LA RUDA SALSKA SUR PIEDS
Paris, le 7 février 2002 - C’est peut-être en pensant à eux que Goldman a trouvé le titre de son nouvel album Musique pour les pieds… La Ruda Salska montre, affiche, proclame, qu’elle a tout compris, tout gardé, du meilleur des Satellites, de La Mano Negra et de tout ce que le versant festif du rock alternatif français a produit à la fin des années 80. Démonstration, tome troisième.
Le réel survolté
Paris, le 7 février 2002 - C’est peut-être en pensant à eux que Goldman a trouvé le titre de son nouvel album Musique pour les pieds… La Ruda Salska montre, affiche, proclame, qu’elle a tout compris, tout gardé, du meilleur des Satellites, de La Mano Negra et de tout ce que le versant festif du rock alternatif français a produit à la fin des années 80. Démonstration, tome troisième.

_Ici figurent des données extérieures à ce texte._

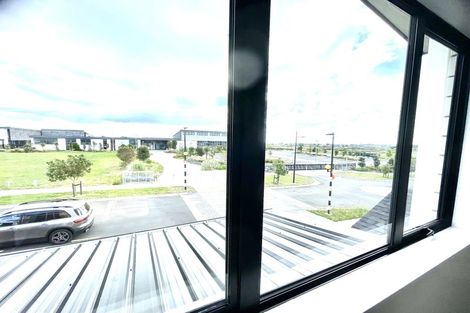 Photo of property in 18 Rorotu Avenue, Karaka, Papakura, 2113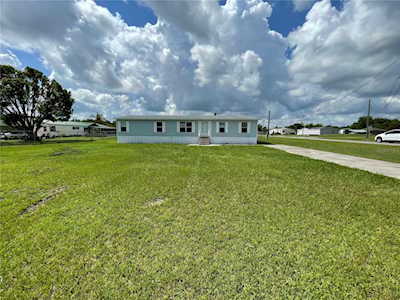 310 Thornhill Estates Ct Winter Haven, FL 33880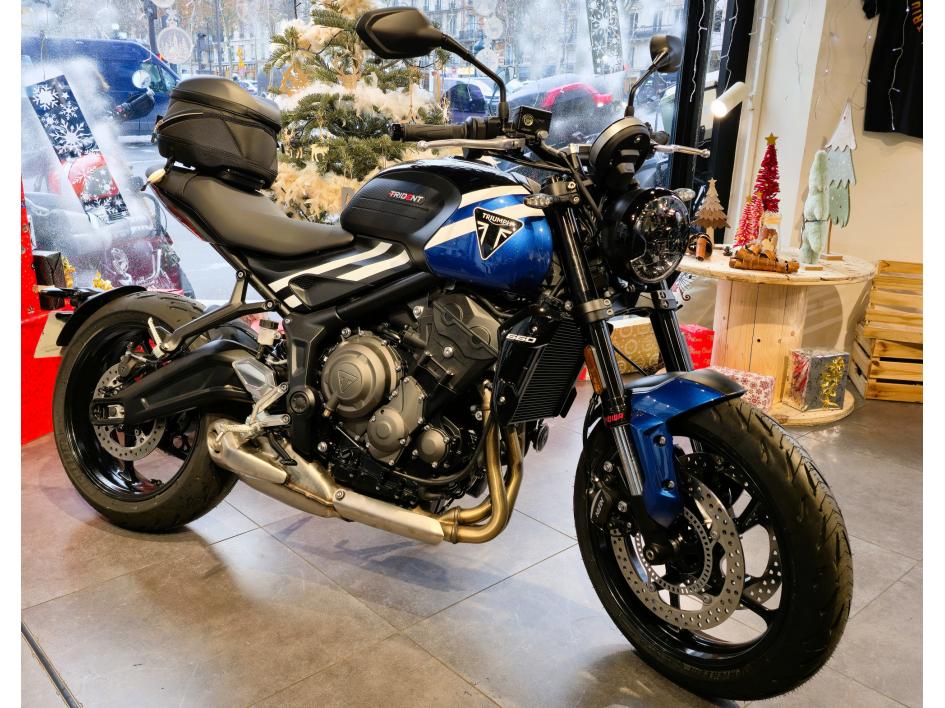 TRIUMPH TRIDENT 660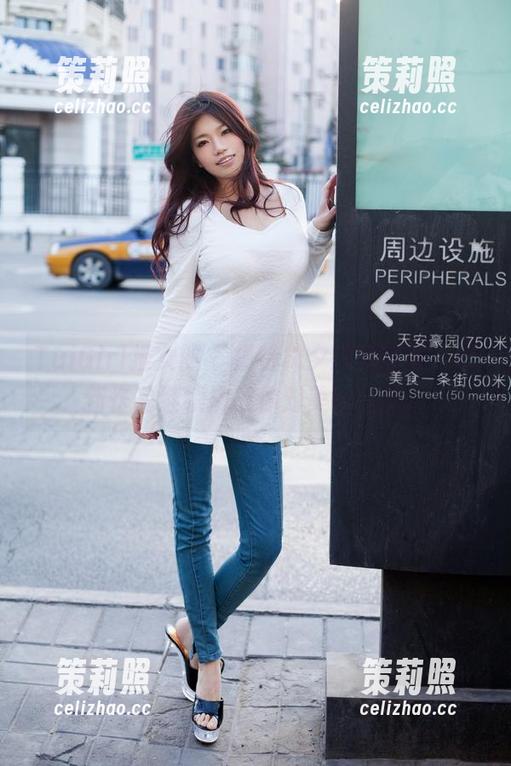TuiGirl推女郎-模特林夕 TuiGirl推女郎 - 模特林夕短裙图集,最新作品继续挑战你对美的定义。
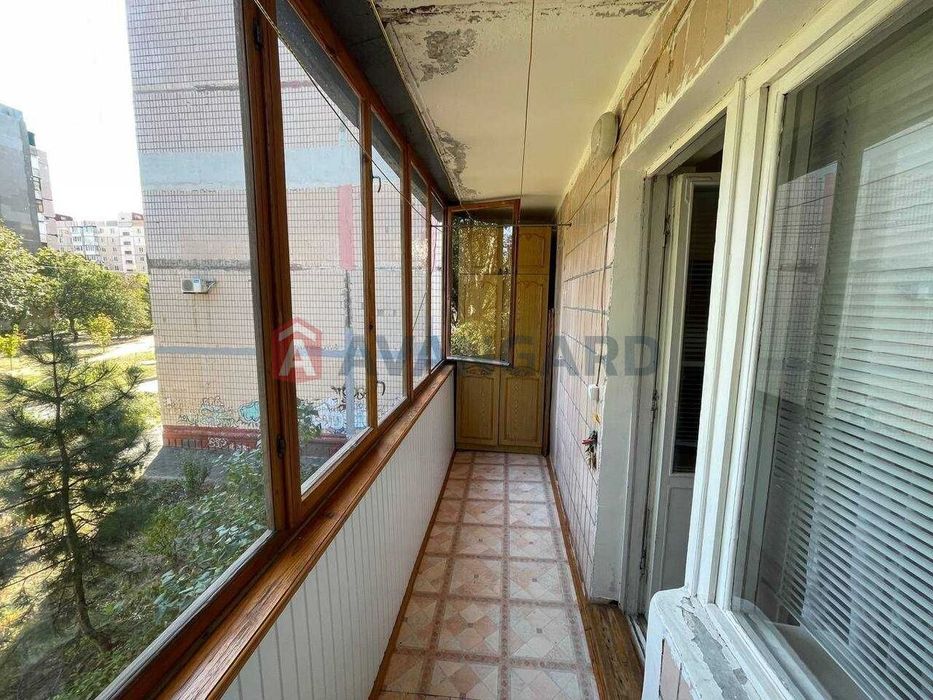 Продаеться 1-кім квартира. Бородинський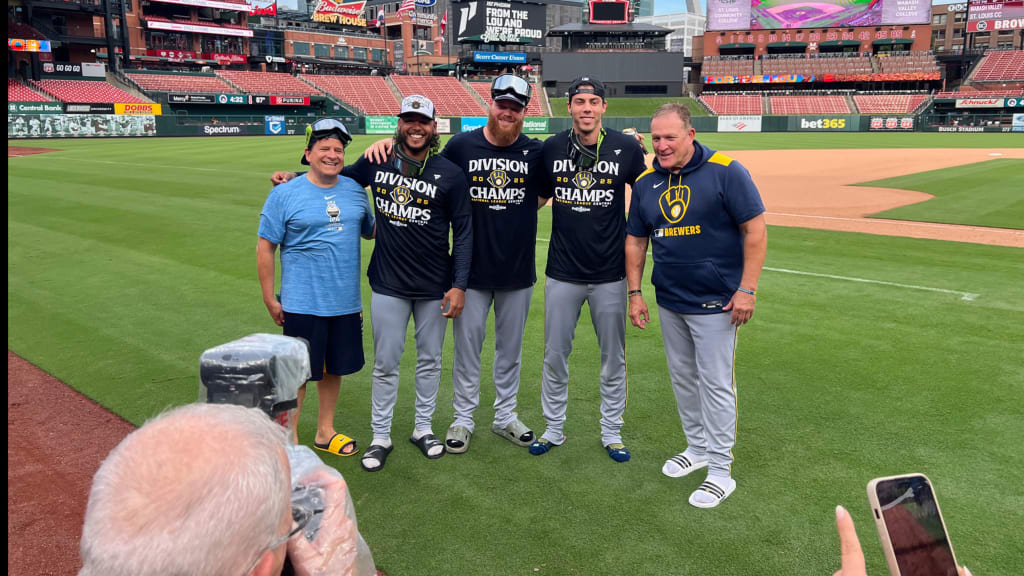 From left to right, principal owner Mark Attanasio, Freddy Peralta, Brandon Woodruff, Christian Yelich and manager Pat Murphy. (photo via Adam McCalvy)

La Ruda Salska plaît. Elle plaît même sans se forcer grâce à la magie du rythme identitaire qu’elle s’est choisie depuis ses débuts en 1993 : une adaptation rock de l’inusable rocksteady, le ska, ce reggae sous mezcal qui donne en trois secondes des fourmis dans les jambes, la nuque, les bras (et les pieds, merci Jean-Jacques !). Avec ce troisième album, Passager du réel, La Ruda Salska se tient avec rigueur à son credo, même si elle se permet quelques harmonies vocales pop du meilleur goût.
Cuivres saignants et mélodies sans failles habillent les textes engagés-dégagés du chanteur Pierre Lebas. Il faut écouter, dès le début du CD, L’Odyssée du réel («Le premier cri / Le deuxième souffle / La troisième dimension»), ou la meilleure manière de saluer à la fois le vingt-et-unième siècle et la trente-huitième rupture amoureuse… Et aussi «Histoires improbables» («Comme les marées / J’ai l’humour noir») ou la meilleure manière de rendre allègre l'énième charge contre la pollution de la planète. Notons que notre Salska est rudement aidée dans ses œuvres par la production d’Andy Lyden (U2, Marley, Satellites, Wampas…) qui offre à ses musiques une prise de son impeccable.
Au gré de ce disque de fête, de jeux et de rythmes, on trouve encore un joli coup de gueule en direction des politiques, L’Evolutionnaire («Plutôt que de soigner la sémantique, la diction / Faites des travaux pratiques d’éthique et de conviction»), un hommage plus qu’entraînant aux nanars des années 70 (La Comédie à la française), deux fictions polar-BD, plusieurs cris libertaires et même un raton laveur (Carnet d’une égérie, texte sur la haine qui, déclamé en rap, produirait un effet dévastateur, exactement inverse à celui de son interprétation rock-ska).
La Ruda Salska est née en 1993 à Saumur, adorable ville de garnison du centre de la France, «le bastion de l’ordure» d’après Trust. Dès le départ, les huit individualités qui composent ce collectif suivent la saine école illustrée par Matmatah et quelques autres : des concerts, des concerts avant toute chose. Plus de 400 à l’heure actuelle dont, en 2001, les Vieilles Charrues et les Eurockéennes. Entre 95 et 98, La Ruda Salska autoproduit aussi deux albums (Le prix du silence et L’art de la joie) avant de signer, en 2000, chez un des labels de pointe de Sony, Yelen. Sort aussitôt un live d’anthologie, survolté. Avec Passager du réel, la Ruda Salska franchit une étape de plus, celle de la professionnalisation. Sans oublier de la faire rimer avec autodérision.